Elasticity Module: this module actually addresses the core of dynamic pricing: price elasticity of demand and cross-price elasticity of demand. How does customer demand for a product respond to changes in its price over time and in relation to competitive products’ prices, as well as competitors’ pricing of the same product? This is the ultimate customer centric approach to pricing. The better knowledge you have of the price elasticities of demand, the better you can price to optimise profit and volume (market share) according to your goals. And if you can do this within minutes for each product at each location at any time, you have the perfect dynamic pricing solution.

Competitive-Response Module: this is a rule-based module that prices products as a rule-based response to competitors’ prices and price changes. It is the traditional pricing method of the price-follower who manually responds to what competitors do. This can obviously be improved with automated data collection and processing with decision-tree algorithms of various complexity.

Omnichannel Module: the purpose of this module is to coordinate prices between the retailer’s different channels, like online and offline, if applicable. In the case of fuel retailers this could serve as a differentiation between manned and unmanned stations, i.e. locations with convenience store and facilities versus locations with fuel pumps only and automated payment.

McKinsey&Co’s article illustrates with three case examples, how specific retailers have tailored dynamic-pricing methods to their particular business needs and objectives by carefully differentiating between products (SKUs) according to their demand attributes and applying the methods of one or more of the five modules described.

As McKinsey&Co point out, a best-in-class solution includes all five modules. However, developing such a world-class dynamic-pricing solution is no mundane task, but a rather complex project, that requires a task force of professional data scientists and IT specialists.
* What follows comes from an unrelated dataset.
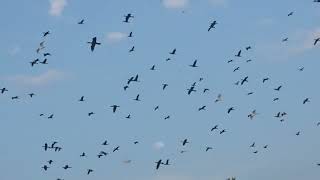 Watching Birds in the Month of Ramadan (Mengamati Burung Di Bulan Ramadhan).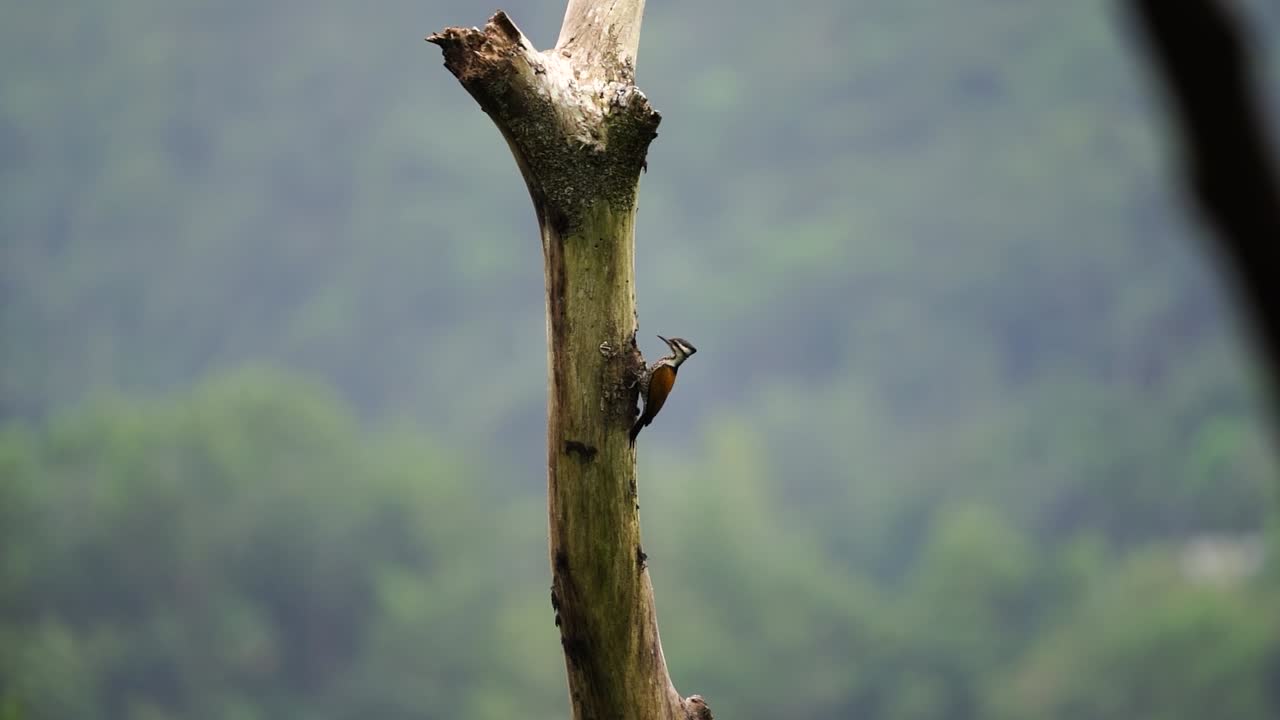 la hembra del pájaro común o dinopium javanense está frente al agujero seco del árbol en el que anida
And the team should preferably have a thorough understanding of the retailer’s industry, business context and objectives.

The reward that retail businesses can expect to capture from dynamic pricing is significant and sustained: McKinsey&Co states a typical impact of 5-10% in margin increase, and a volume growth of 2-5% – along with higher levels of customer satisfaction through improved price perception.

There is no doubt to me, that dynamic pricing offers a significant competitive advantage, and in view of a potentially shrinking retail fuel market indicated by future e-mobility and increasing market consolidation, dynamic pricing has become a necessary capability to grow or at least maintain profitability – especially for small and medium sized businesses.